Sangihe, Barta1.com – Pagi itu, sebelum mentari sempat menunjukkan sinarnya, Kampung Para Lelle di Kepulauan Sangihe, Sulawesi Utara, telah diramaikan oleh teriakan semangat. Teriakan ini bukan sembarang suara, melainkan ajakan untuk mengikuti Maneke, sebuah ritual penangkapan ikan tradisional yang telah lama ditinggalkan dan kini mulai dihidupkan kembali.
Meneke, tradisi leluhur yang sarat makna ini, kembali menggeliat di tengah denyut nadi kehidupan masyarakat pesisir Pulau Para Lelle. Tradisi yang telah lama terkubur ini kini dibangkitkan kembali, membawa semangat baru dan harapan bagi kelestarian budaya dan kearifan lokal.
Undangan dari berbagai tempat dan profesi berdatangan, antusias menyambut kebangkitan tradisi yang telah puluhan tahun ditinggalkan ini. Termasuk Penjabat Bupati Sangihe, Albert Huppy Wounde, bersama istri, Sekretaris Daerah, perwakilan legislatif, pejabat Dinas Pariwisata Provinsi, Dinas Kelautan dan Perikanan Daerah Provinsi Sulut, Guru Besar Pariwisata Politeknik Negeri Manado, Ketua ASITA, Ketua ASIDEWI, dan masih banyak lagi.
Dengan langkah kaki yang masih berat, mereka menuju tepian pantai, menyambut sang mentari yang mulai menyapa ufuk timur. Di kejauhan, terlihat puluhan orang dan dua perahu Kengkang yang memuat Seke, sebuah alat tangkap ikan tradisional yang terbuat dari bambu, ijuk, kayu nibong, dan janur kelapa.
Diiringi doa dan harapan, para nelayan yang tergabung dalam kelompok (semacam kelompok nelayan) Seke Malekaheng mendayung perahu mereka dengan penuh semangat. Kekompakan dan irama yang seirama menjadi kunci utama dalam tradisi ini. Jaring yang terbuat dari bambu dan janur pun direntangkan, siap menjerat ikan-ikan yang berlimpah di lautan.

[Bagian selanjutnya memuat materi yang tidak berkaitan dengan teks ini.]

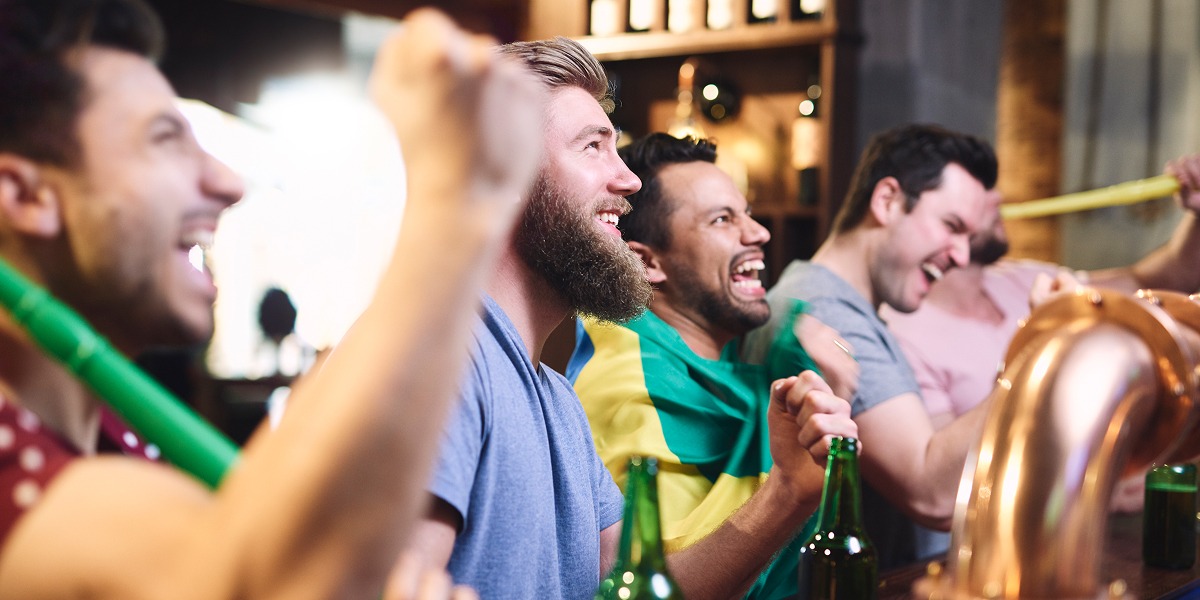 Aficionados celebrando un gol del Mundial en un bar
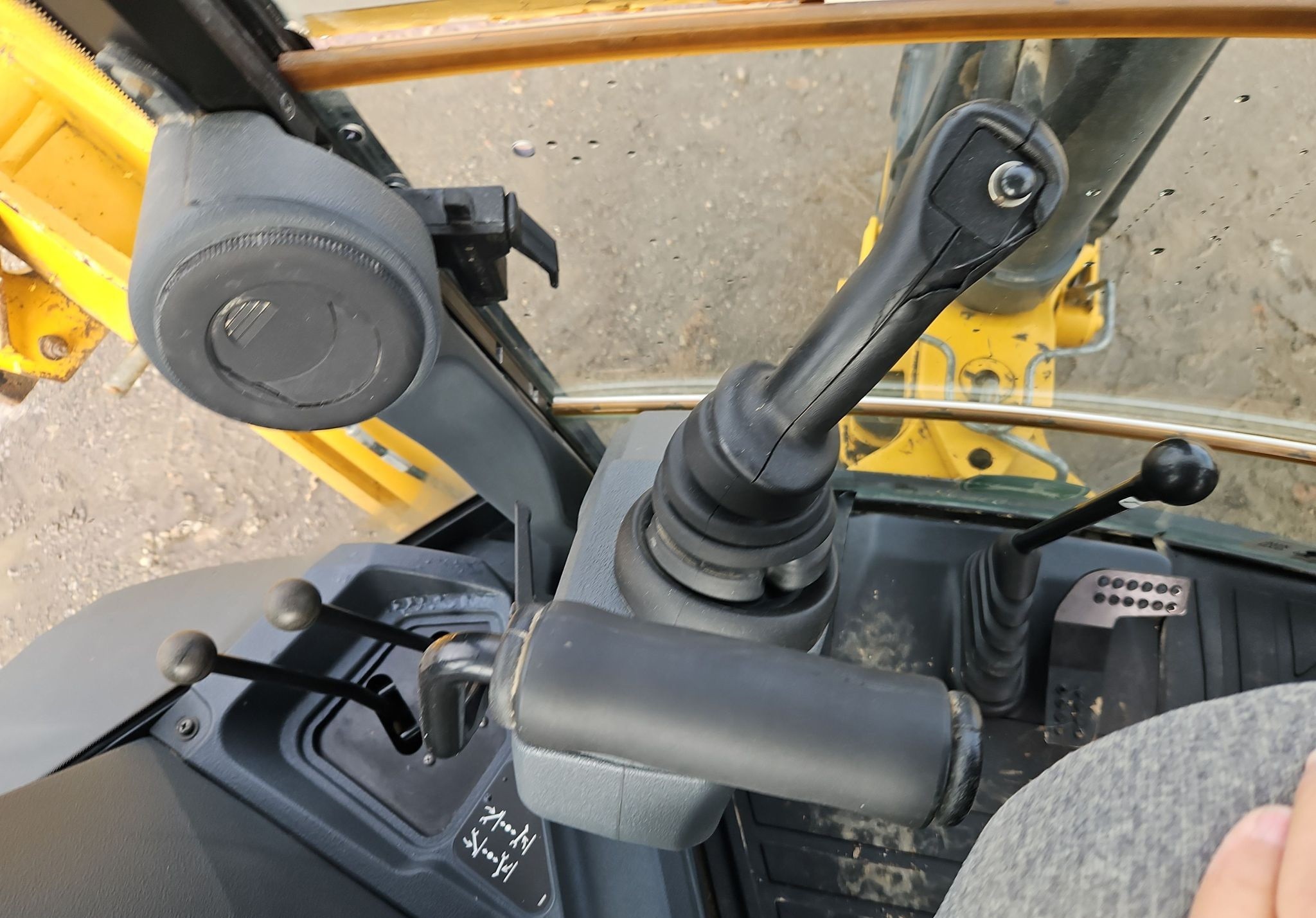 gallery 2016 John Deere 310SL backhoe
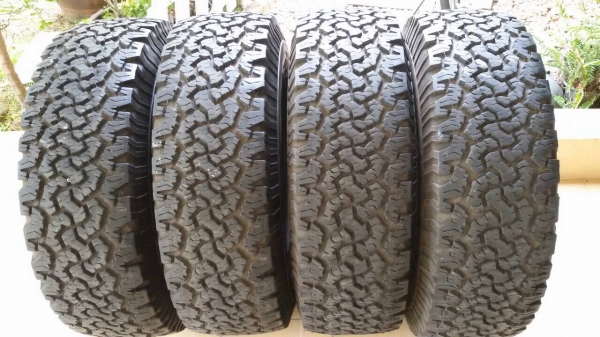 ยาง bf all 265/75/16 ปี12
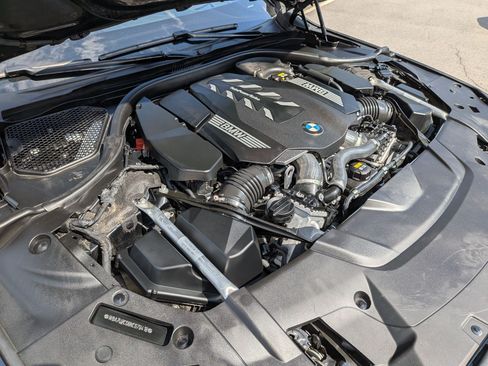 Used 2022 BMW 750i xDrive w/ Executive Package AWD/4WD image 43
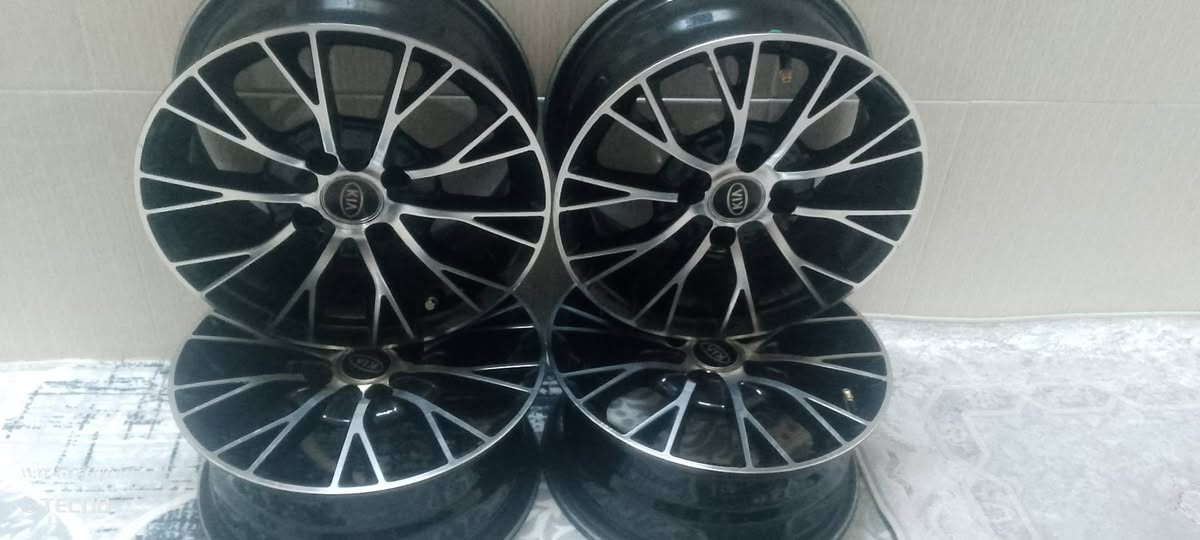 سەلاموعەلەسکوم ئەویلانە بۆفرۆشتن هەموی یەکمان لەسەر سەیارەبون قیاسیان14ژمارە موبایل 0750 0537976واتسابو ڤایبەریشی لەسەرە ئەدمینگیان وەریگرە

Setelah beberapa jam berjibaku dengan arus untuk menarik Seke, jerih payah mereka terbayar lunas. Ribuan ikan terperangkap dan berhasil diarahkan ke bibir pantai. Sorak-sorai kegembiraan menggema di angkasa, menggemakan rasa syukur atas limpahan rezeki dari Sang Pencipta.
Penjabat Bupati Sangihe, Albert Huppy Wounde, terkagum-kagum menyaksikan keunikan tradisi menangkap ikan hanya dengan menggunakan alat tradisional itu. Wounde menjadi saksi kebangkitan kembali tradisi yang sebenarnya sudah berakhir tahun 1980-an.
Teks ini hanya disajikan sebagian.